What is being asked:
With both ends included, repeat exactly the lines of the entries below from the one containing "Aflbsbjning 90Gr. Monolith K" down to the one containing "Carregar imagem no", and no others.
──────── Supplied material ────────
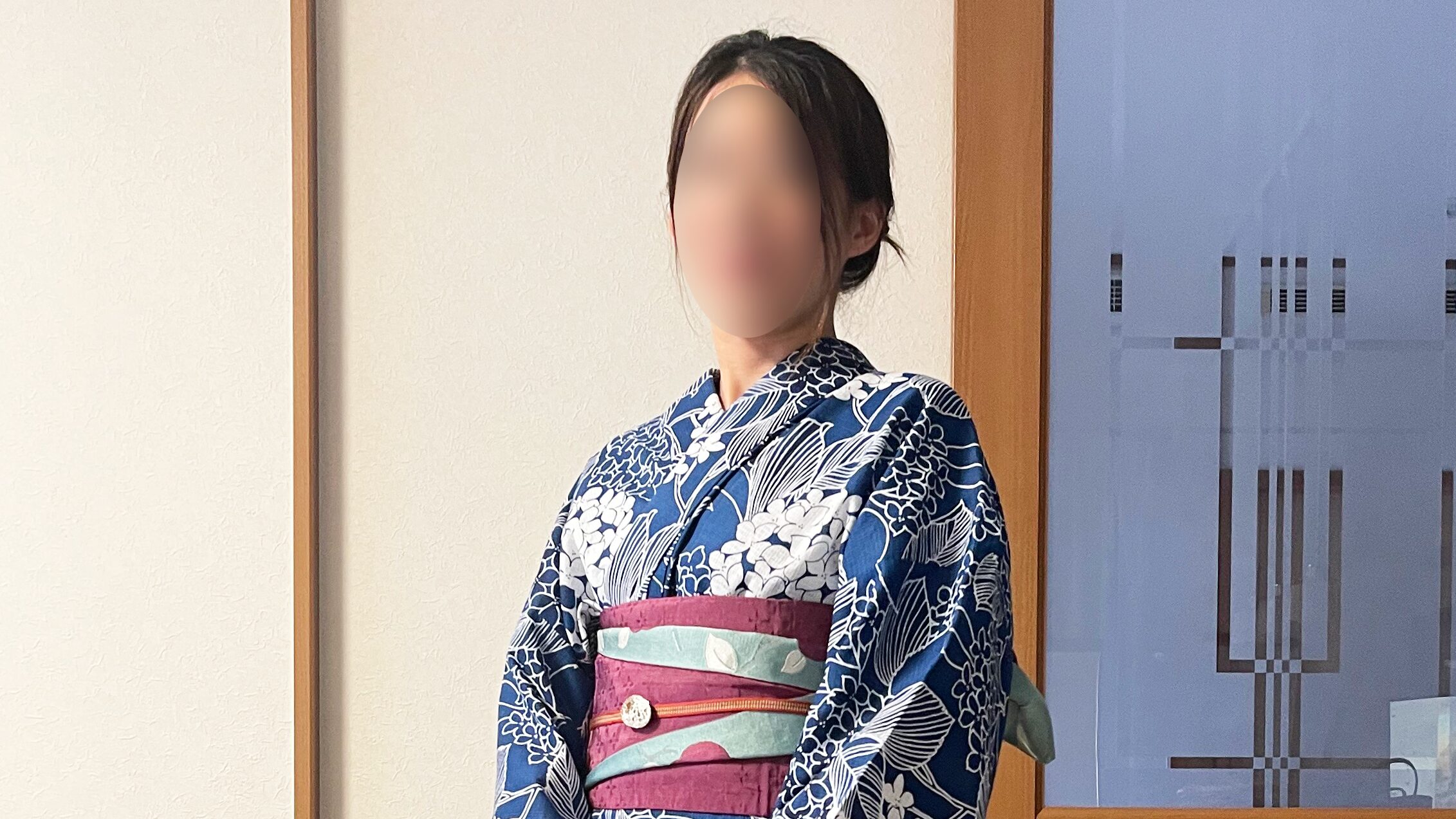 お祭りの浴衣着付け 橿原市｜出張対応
────────
──────── Supplied material ────────
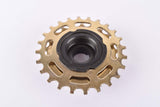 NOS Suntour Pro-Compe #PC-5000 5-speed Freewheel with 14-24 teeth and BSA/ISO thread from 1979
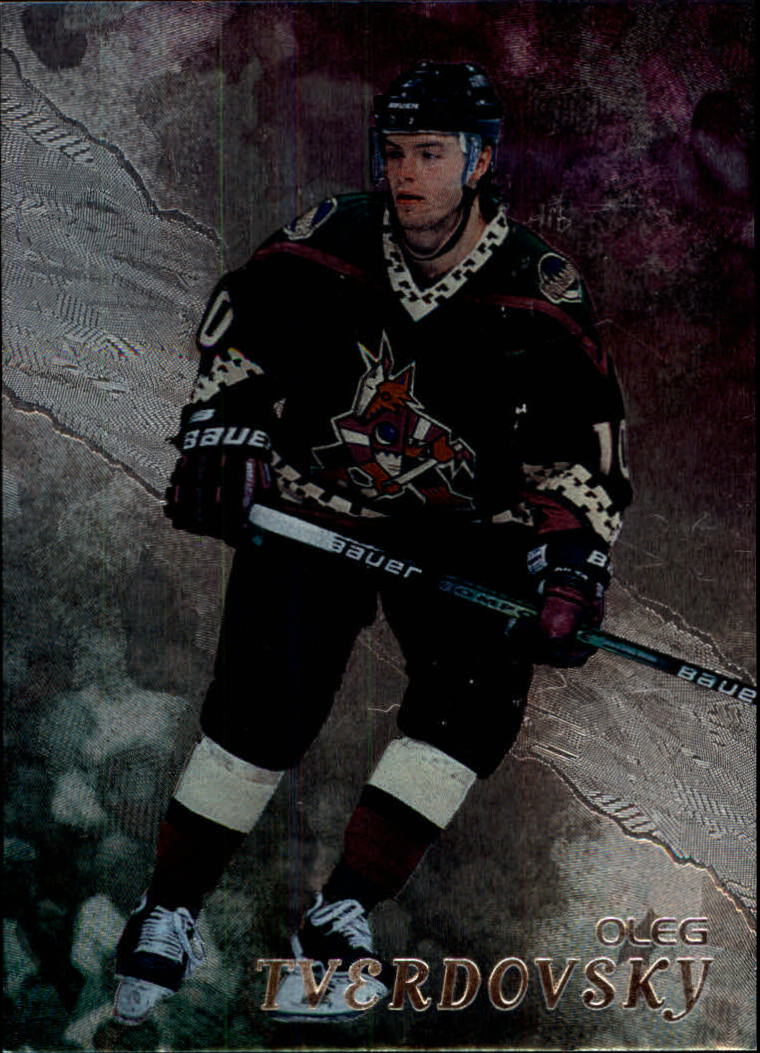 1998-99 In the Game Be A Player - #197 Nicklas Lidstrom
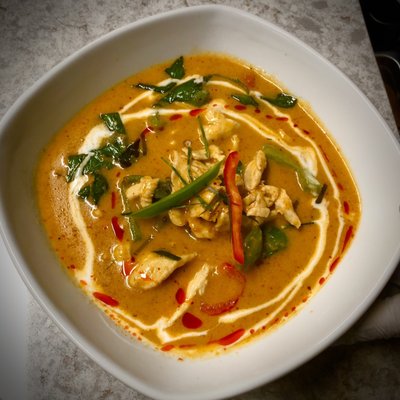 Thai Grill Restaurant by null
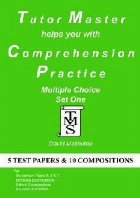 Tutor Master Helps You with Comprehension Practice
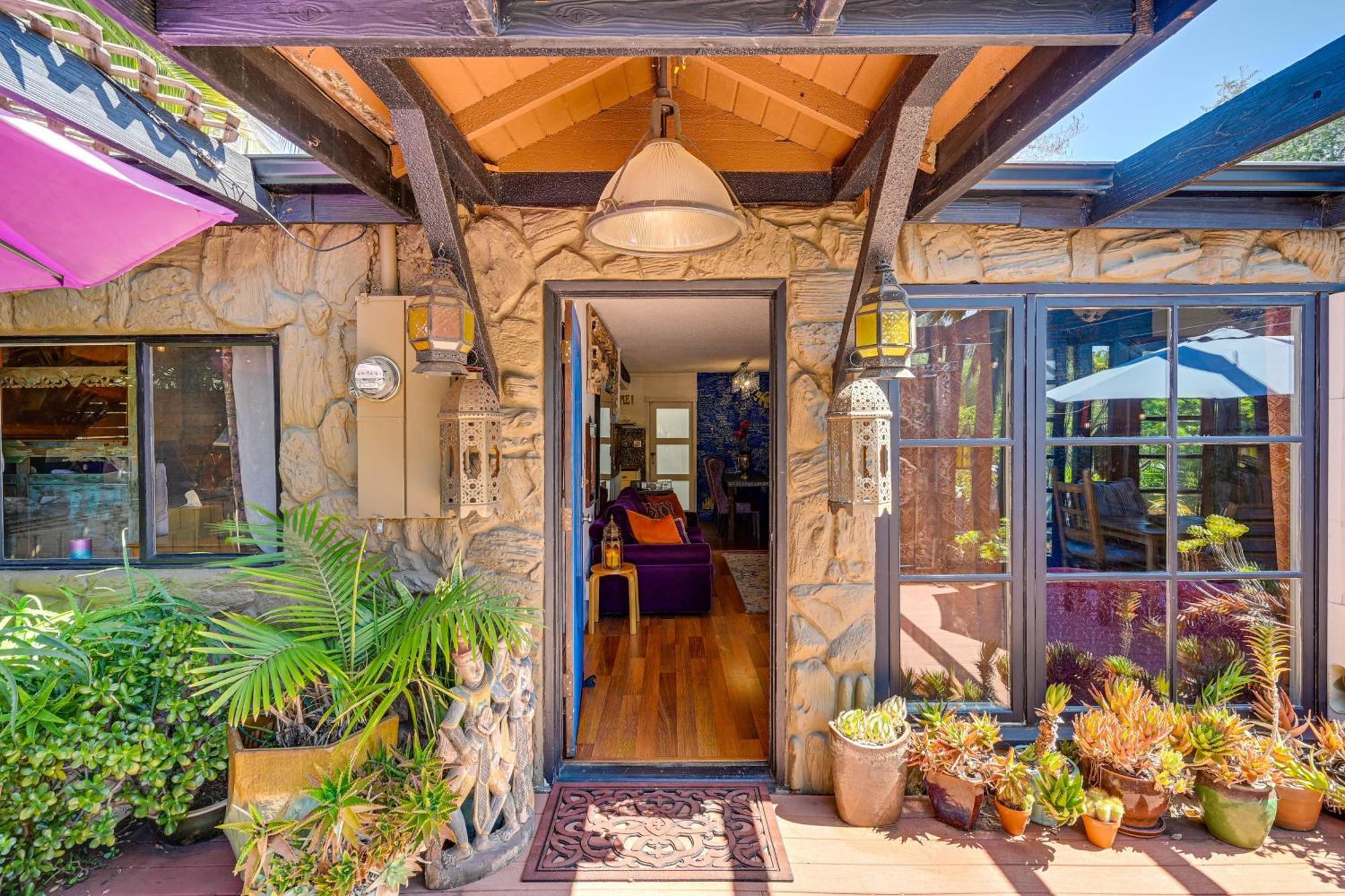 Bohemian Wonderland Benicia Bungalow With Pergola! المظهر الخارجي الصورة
────────
──────── Supplied material ────────
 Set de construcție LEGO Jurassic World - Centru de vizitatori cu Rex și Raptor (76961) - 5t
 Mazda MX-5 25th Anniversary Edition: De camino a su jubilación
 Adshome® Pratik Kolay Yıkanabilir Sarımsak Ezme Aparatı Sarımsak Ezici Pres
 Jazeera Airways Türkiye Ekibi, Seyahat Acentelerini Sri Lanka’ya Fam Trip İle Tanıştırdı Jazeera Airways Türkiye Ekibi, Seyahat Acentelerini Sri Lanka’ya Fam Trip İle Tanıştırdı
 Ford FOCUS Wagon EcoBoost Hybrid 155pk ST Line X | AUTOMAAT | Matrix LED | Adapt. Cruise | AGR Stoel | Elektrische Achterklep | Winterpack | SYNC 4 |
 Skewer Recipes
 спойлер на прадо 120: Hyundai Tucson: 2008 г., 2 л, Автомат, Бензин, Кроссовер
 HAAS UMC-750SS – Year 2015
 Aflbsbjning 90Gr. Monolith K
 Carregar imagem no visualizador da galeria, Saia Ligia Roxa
────────
Task answer:
 Aflbsbjning 90Gr. Monolith K
 Carregar imagem no visualizador da galeria, Saia Ligia Roxa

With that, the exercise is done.